A plurality of the wires extend in two legs beyond the pressed portion
constituting the pin 11 to form the ignitor transfer charge 12, the
ignitor branch 13, and the terminal solder hook 14 in each of said legs.
Two 8 mil, 8 strand "Pyrofuze" wire bundles are separated from the
plurality of wires to form the ignitor transfer charge 12. Two 5 mil 8
strand bundles are also separated and wrapped around the ignitor charge
12. Each of the strand bundles constituting the ignitor branches 13 is
securely wrapped one and a half times around one of the wire bundles
constituting the ignitor transfer charge 12. Four of the 5 mil 8 strands
are then cut off. The remaining four strands continue on to become one of
the two (2) four-strand ignitor branches 13 and terminal solder hooks 14
on each side. The number of wrap turns may be varied as necessary to
insure ignition for the configuration selected for a particular
application. The strands within the remaining portions of each bundle of
the ignitor bundles are trimmed to increasing lengths and twisted
together. The longest strand of each ignitor bundle is shaped in the form
of an open hook on the end making an open terminal solder hook 14.

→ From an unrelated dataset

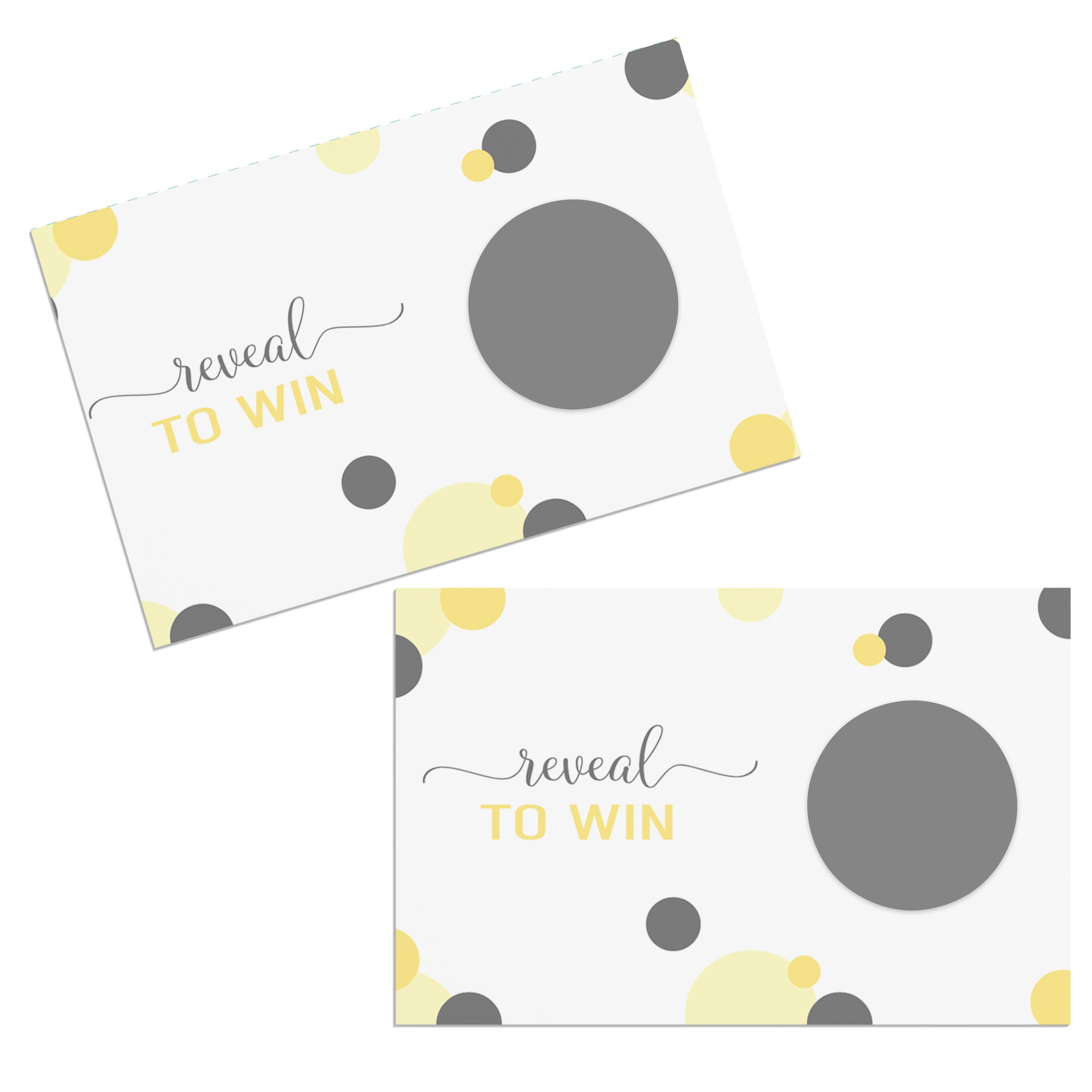 Yellow and Grey Scratch Off Game Cards (Pack of 30) Fun Idea for Baby Shower, Mama Bee Gender Reveal, Sprinkle, Reception - Alternative to Raffle Tickets, Drawing Prizes - Paper Clever Party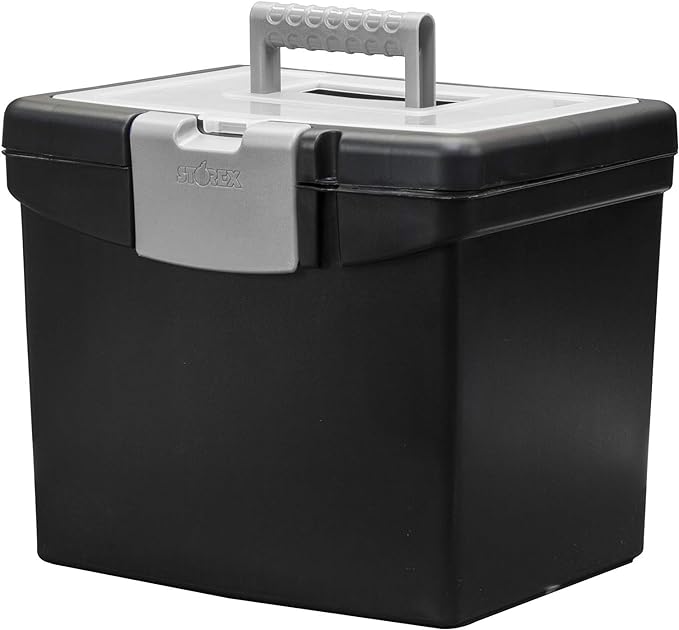 Storex 61504B02C Portable File Box with XL Lid, 11 x 13-1/2 x 11 Inches, Black (Pack of 3)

The "Pyrofuze" pin 11 is mounted in a weather-proof housing 15 to form the
"Pyrofuze" pin device 10. The housing 15 functions as the mounting
structure for securing the invention to an ordnance device and provides
for protecting and supporting the ignitor branches 13 and ignitor transfer
charge 12 located therein. The "Pyrofuze" pin 11 is mounted through an
adhesive blocking disk 18 into the housing 15 with adhesive filler 17. The
adhesive blocking disk 18 fits snugly around the end of the "Pyrofuze" pin
11 extending into the housing 15 to prevent the adhesive filler 17
surrounding the pin 11 as it exits the housing 15 from seeping into the
ignitor transfer charge 12 disposed within the housing 15. The terminal
supporter 16 which supports the electrical terminals 19 is mounted in the
opposite end of the housing 15 from that through which the pin 11 exits.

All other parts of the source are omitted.